Eli Lilly's Strong Position in Anti-Obesity Market
Written by Emily J. Thompson, Senior Investment Analyst
Updated: 1 hour ago
0mins
Should l Buy LLY?
Source: NASDAQ.COM
- Market Leadership: Eli Lilly appears well-positioned in the anti-obesity drug market, with its lead solidified despite increasing competition; the upcoming launch of orforglipron, an oral GLP-1 candidate, is expected to expand its market reach in Q2.
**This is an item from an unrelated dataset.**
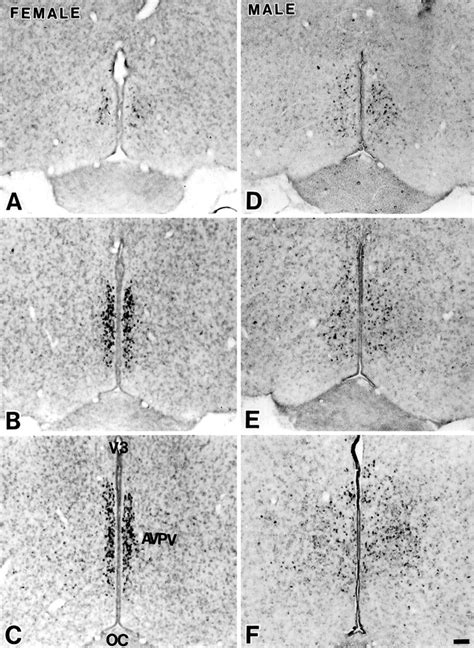 Sexually Dimorphic Expression Of Estrogen Receptor β In The Anteroventral Periventricular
- Innovative Drug Performance: Retatrutide demonstrated an impressive 28.7% mean weight loss in a phase 3 trial while significantly reducing knee pain, targeting high BMI patients and potentially addressing an underserved market segment.
- Diverse Product Line: Beyond anti-obesity drugs, Eli Lilly boasts other products like Verzenio and Taltz, which generated $5.7 billion and $3.6 billion in sales respectively, showcasing the company's strong profitability outside its core therapeutic area.
- Valuation and Growth Potential: With a forward P/E ratio of 27, significantly above the healthcare sector's average of 17.1, Eli Lilly's premium valuation is justified given its faster revenue and earnings growth compared to peers, indicating strong future growth prospects.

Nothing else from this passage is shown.